PROBLEM TO WORK ON:
Word for word, restate every record, though not the pictures.

EXERCISE INPUTS:
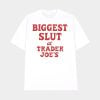 Biggest Slut At Grocery Store Shirt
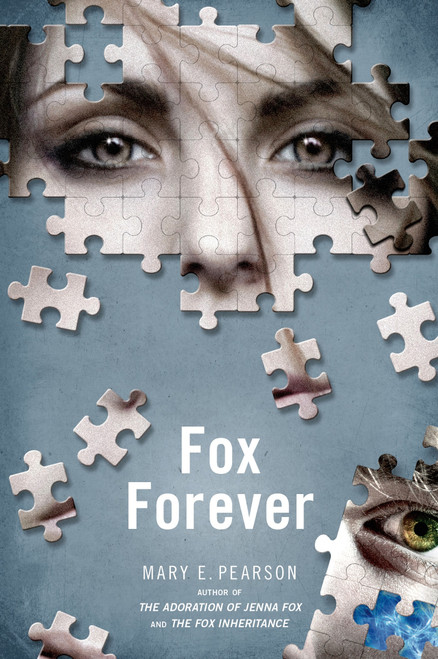Fox Forever (The Jenna Fox Chronicles) by Mary E. Pearson, 9781250040053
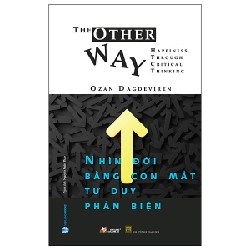 Nhìn Đời Bằng Con Mắt Tư Duy Phản Biện - Ozan Dagdeviren (Mới 100%) Sách tư duy, kỹ năng sống, Văn Lang Books - SÁCH ĐẠI HỌC
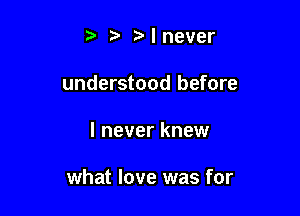 t. t'lnever
understood before

I never knew

what love was for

WRITTEN SOLUTION:
 Biggest Slut At Grocery Store Shirt
Fox Forever (The Jenna Fox Chronicles) by Mary E. Pearson, 9781250040053
 Nhìn Đời Bằng Con Mắt Tư Duy Phản Biện - Ozan Dagdeviren (Mới 100%) Sách tư duy, kỹ năng sống, Văn Lang Books - SÁCH ĐẠI HỌC
 t. t'lnever
understood before

I never knew

what love was for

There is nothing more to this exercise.